Niektórzy uznali nawet wojnę za najlepszy chwyt reklamowy, zachwalając wyjazd na półwysep jako przykład turystyki ekstremalnej, pozwalającej przeżyć niezapomnianą przygodę, poczuć dreszcz emocji i podnieść poziom adrenaliny bardziej niż podczas gier komputerowych. Pojawił się nawet slogan, że „mamy najlepsze morze i najlepszą obronę przeciwlotniczą na świecie”.
Ostatnio okazało się jednak, że rosyjska obrona przeciwlotnicza na Krymie nie jest tak dobra jak ją zachwalano. Seria udanych ataków na obiekty infrastruktury krytycznej, a zwłaszcza uszkodzenie mostu kerczeńskiego, spowodowały wybuch paniki na półwyspie.
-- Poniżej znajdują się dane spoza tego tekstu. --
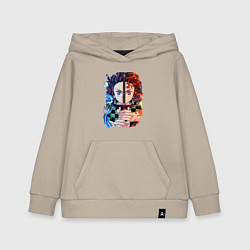 Детская толстовка-худи KIMETSU NO YAIBA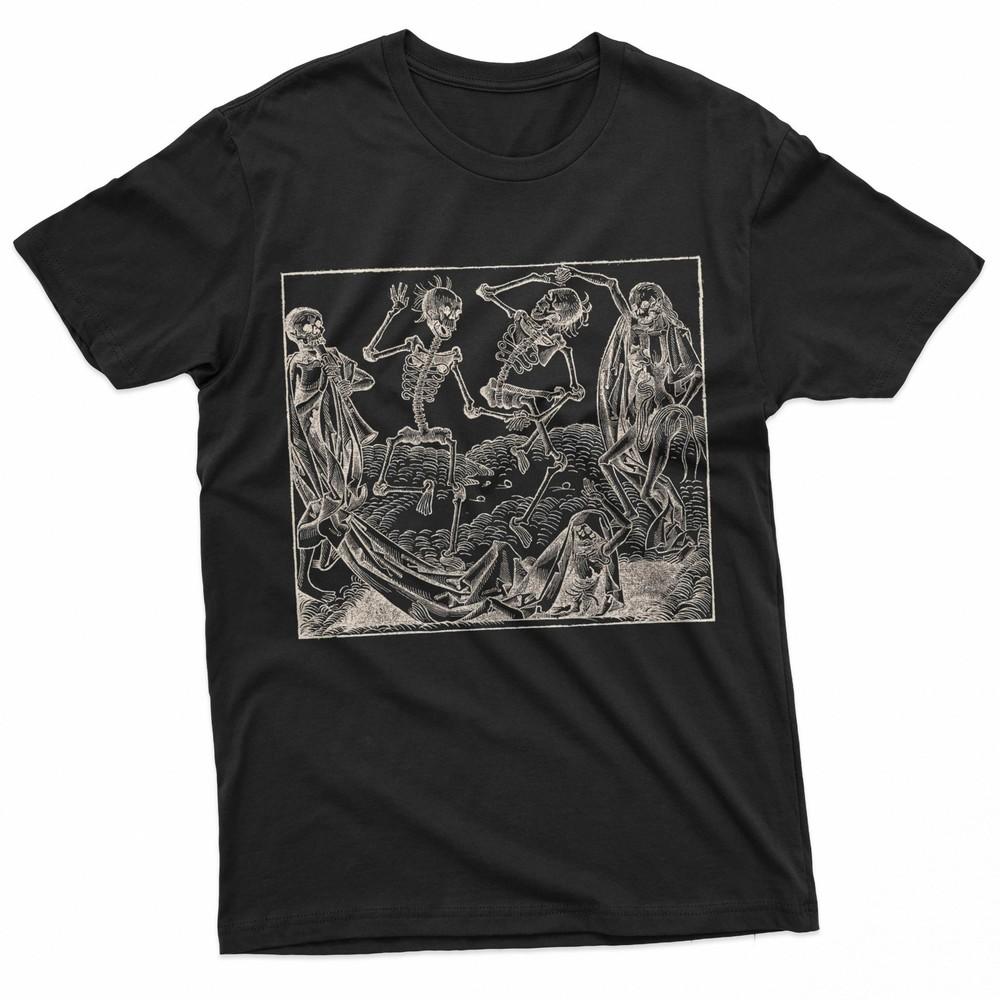 

Dance of Death Macabre Skeleton Gothic Fan TShirt Unisex T-Shirt XXL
Podsycały go pogłoski o ukraińskich dywersantach działających na Krymie. Turyści z Rosji zaczęli więc masowo opuszczać tamtejsze kurorty. Na niedrożnym moście powstał olbrzymi zator, więc lokalne władze zaczęły kierować ruch okrężną drogą przez okupowane terytoria, będące coraz częstszym obiektem uderzeń ukraińskiej artylerii. Alternatywna trasa wiedzie wśród ruin i zgliszcz, obok wraków samochodów i lejów po bombach, co czyni całą podróż rzeczywiście trudną do zapomnienia. Być może niektórym w głowach kołacze się myśl, że to ich ostatnia podróż na Krym.